Phalangonyx mirzayani

Scientific classification
- Kingdom: Animalia
- Phylum: Arthropoda
- Class: Insecta
- Order: Coleoptera
- Suborder: Polyphaga
- Infraorder: Scarabaeiformia
- Family: Scarabaeidae
- Genus: Phalangonyx
- Species: P. mirzayani
- Binomial name: Phalangonyx mirzayani (Petrovitz, 1968)
- Synonyms: Tanyproctus mirzayani Petrovitz, 1968;

= Phalangonyx mirzayani =

- Genus: Phalangonyx
- Species: mirzayani
- Authority: (Petrovitz, 1968)
- Synonyms: Tanyproctus mirzayani Petrovitz, 1968

Species of beetle

Phalangonyx mirzayani is a species of beetle of the family Scarabaeidae.

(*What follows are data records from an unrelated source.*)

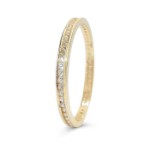 Gullring med zirkonia -BUR592595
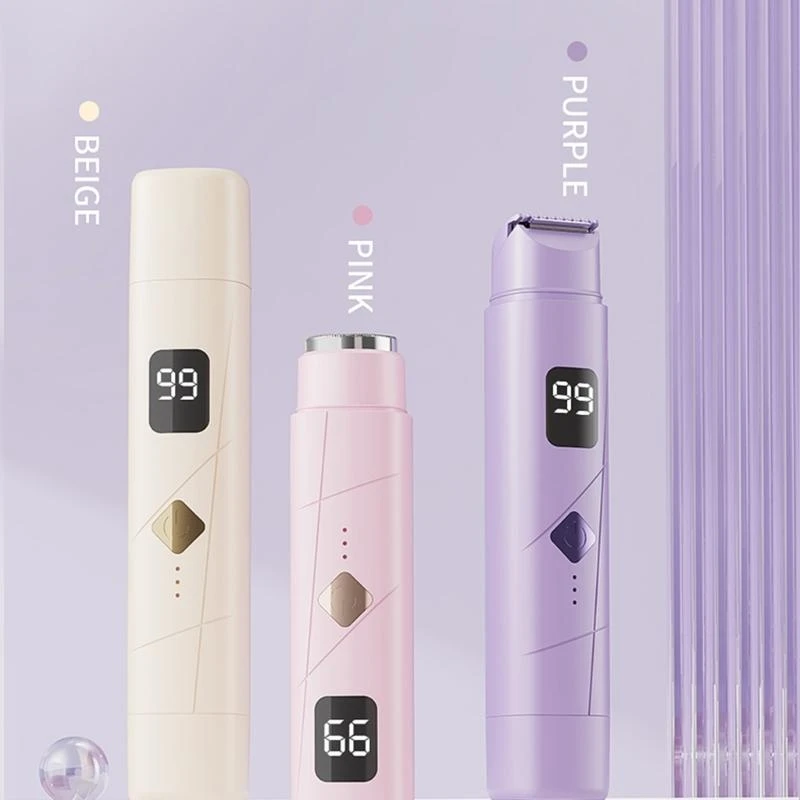 

D0AB Women Hair Removers Waterproof Shaver Perfect for Bikini Area Underarm and Face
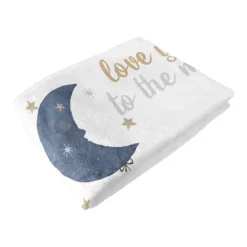 Sweet Jojo Designs Gender Neutral Baby Milestone Blanket Bear And Moon Blue Gold And White -Sweet Jojo Designs Shop GUEST eb649433 e258 4bbb bec4 ab9e9ad7068a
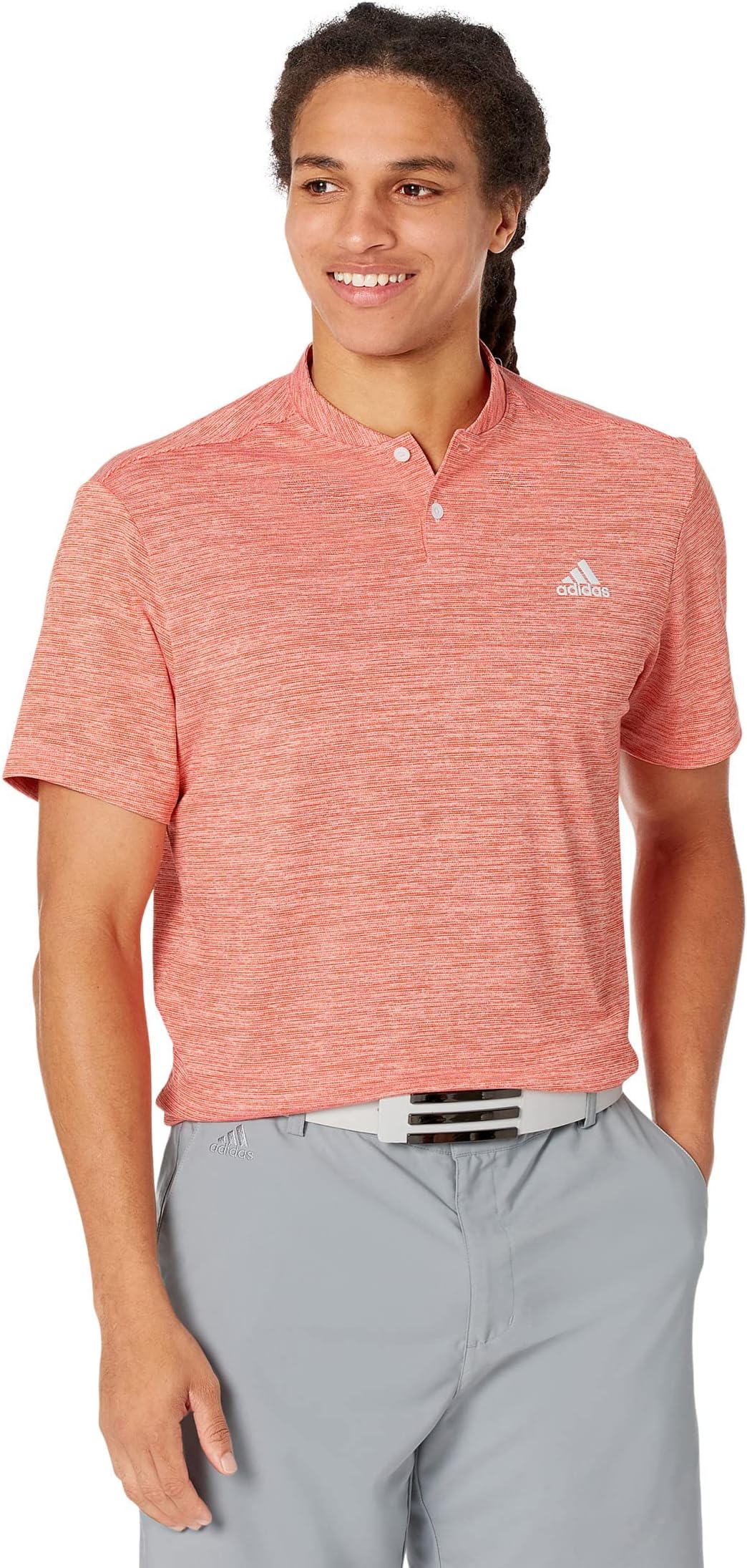 adidas golf polo orange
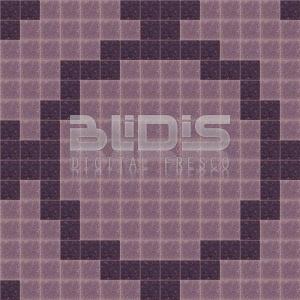Glass Tiles Repeating Pattern: Purple Flowers - pattern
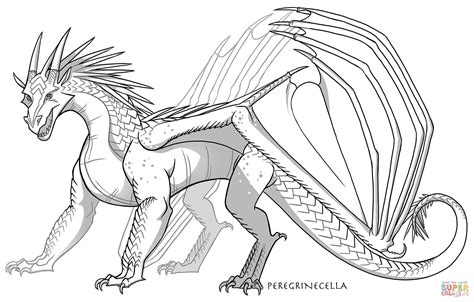 Icewing Dragon coloring page | Free Printable Coloring Pages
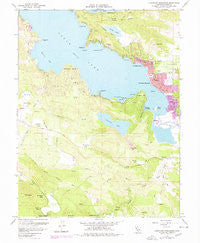 Clearlake Highlands California Historical topographic map, 1:24000 scale, 7.5 X 7.5 Minute, Year 1958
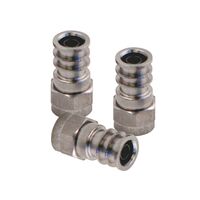 CABELCON® F-59-ALM 3.7/6.4 F Crimp Connector for Mini COAX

It is found in Iran.

==Description==
Adults reach a length of about 9–11.3 mm. They have a parallel to narrowly ovate, shiny, yellowish-brown body, with the outer margin of the clypeus narrowly blackened, and with yellow antennae. The anterior half of the pronotal sides and elytra are thickly spiny, while the margins of the clypeus and the remaining part of the pronotal and elytral margins bristly ciliate.